Mark E Hansen wrote:It's hard sometimes to see the relationship between the JSP page and the Servlet. Think of it this way - the Servlet is the place where the application logic happens. The JSP page is just the View where the user is shown the result of the Servlet doing its action(s) and can provide input/actions.
Think about the servlet as the initial point - where your web application user goes first. Your servlet can detect that the user hasn't seen the JSP page yet, so it does a forward (or whatever you want) to the JSP page - providing any data the JSP page will need (like, for example, the values that should appear in the drop down control).
You can include an Edit button on the JSP page so the user can select an entry in the drop down control and then click on Edit. What happens then? What if the Edit button actually went back to the servlet?. The servlet knows where the application is based on the parameters passed when the edit button was clicked, so it can do a forward to the "edit" JSP page with whatever information that page needs to allow the user to edit the value.
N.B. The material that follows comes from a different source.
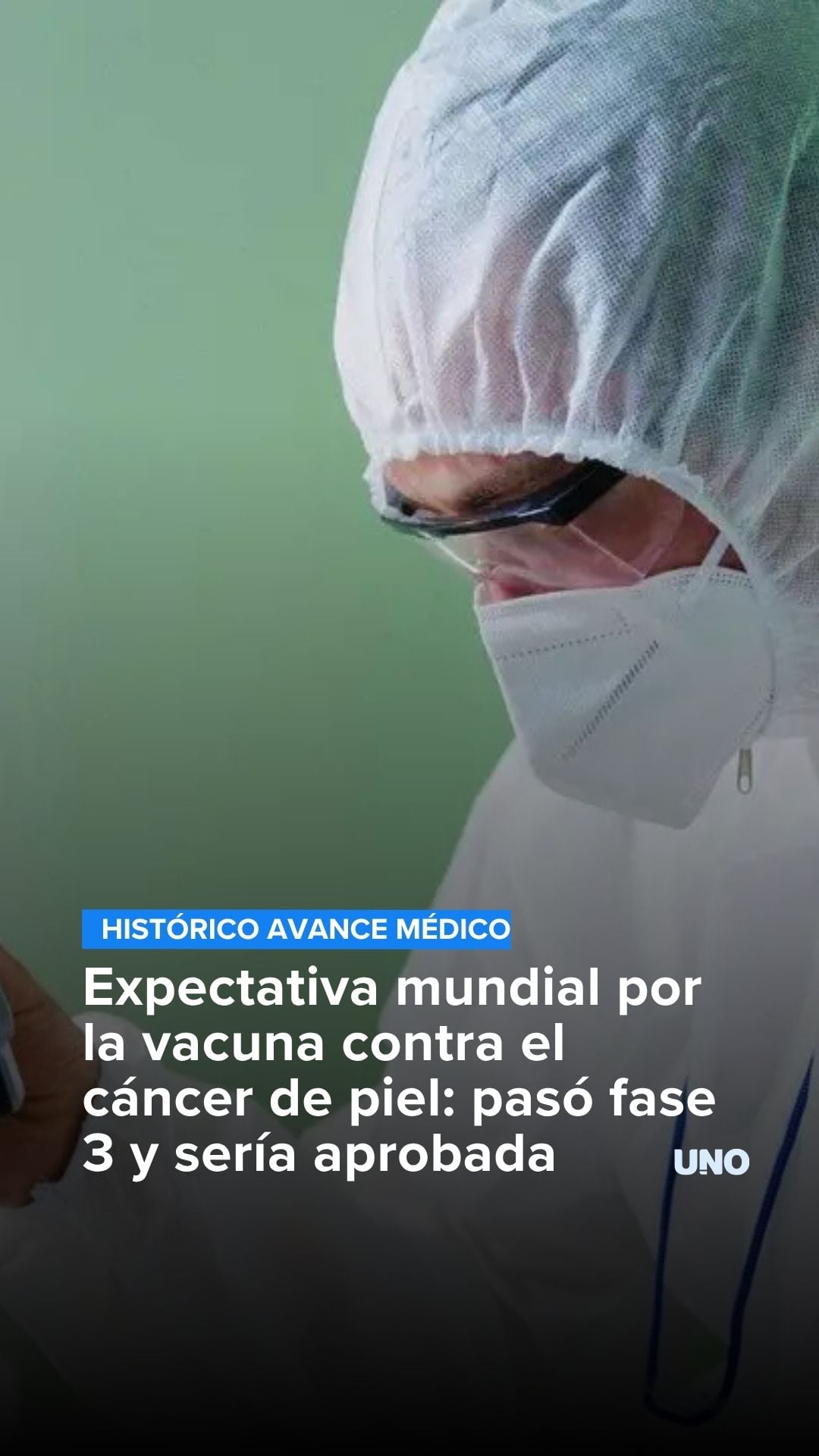Expectativa mundial por la vacuna contra el cáncer de piel: pasó fase 3 y sería aprobada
When the user clicks on the Submit button on the edit page, it goes back to the servlet ...
I hope you can see where I'm going![]()
Sounds like a fun challenge. Good luck!
Mark E Hansen wrote:You're on the right track, except that you're not using a JSP page - instead you're having the Servlet emit the HTML directly. You might find it easier to use a JSP page. There are lots of easy-to-follow Servlet/JSP tutorials available so just Google that and follow one or two. You'll quickly get the idea. As far as generating the page the way you are, just mock up an HTML page and make it work the way you want, then adjust your Servlet to generate that.
The tutorials will really help because they will show you how to wire the Servlet to the JSP (or the JSP to the Servlet - depending on how you look at it).
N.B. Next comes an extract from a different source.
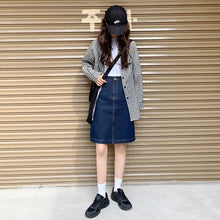 画像をギャラリービューアに読み込む, キャラメルマキアートを注文したデニムミニスカート_N2430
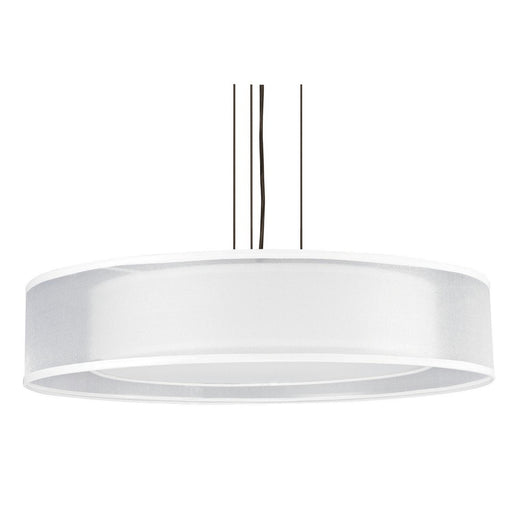 AFX Lighting - CZP3044LAJUDSN-WHWH - LED Pendant - Cortez - Satin Nickel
Mark E Hansen wrote:Sure: http://www.lmgtfy.com/?q=servlet+jsp+tutorial
When the user changes the value, you're going to want to go back to the Servlet and let it handle the update of the data. It should then respond with a new page which will show the user the result of the update (perhaps it will be the same page, showing the same data with just the addition of a message at the top which says that the update was successful).
Again, have a look at the Servlet/JSP tutorials - they will help you get the hang of this Model/View/Controller design pattern and it will me much easier to then understand where you need to do which parts.
Good luck.
Paul Clapham wrote:Hopefully you get the idea now, but just in case it isn't quite clear yet, here's the most desirable way to handle things in the simplest situations:
1. Browser sends request to servlet.
2. Servlet processes request, checks validity of inputs, updates databases, puts relevant data into request scope, forwards to JSP.
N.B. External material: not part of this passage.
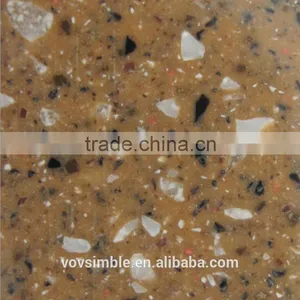 Factory Sale Pure Acrylic Solid Surface Kitchen Top thumbnail-3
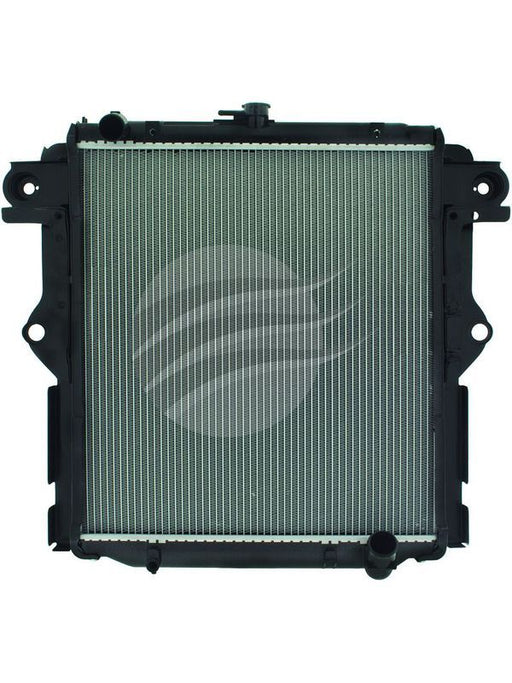 Jayrad Radiator for Toyota Landcruiser 70 Series HZJ76 78 79 6Cyl Manual JR2826J Radiator Jayrad    - Micks Gone Bush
3. JSP produces HTML (for the browser) including formatted version of relevant data which it found in request scope.
It's tempting to think of what the user sees in the browser after step 3 as "the JSP" but don't do that. Otherwise you find yourself saying things like "the JSP calls the servlet" and that isn't what happens at all.
(Also all of this has nothing to do with XML so I'm going to copy it into a more relevant forum.)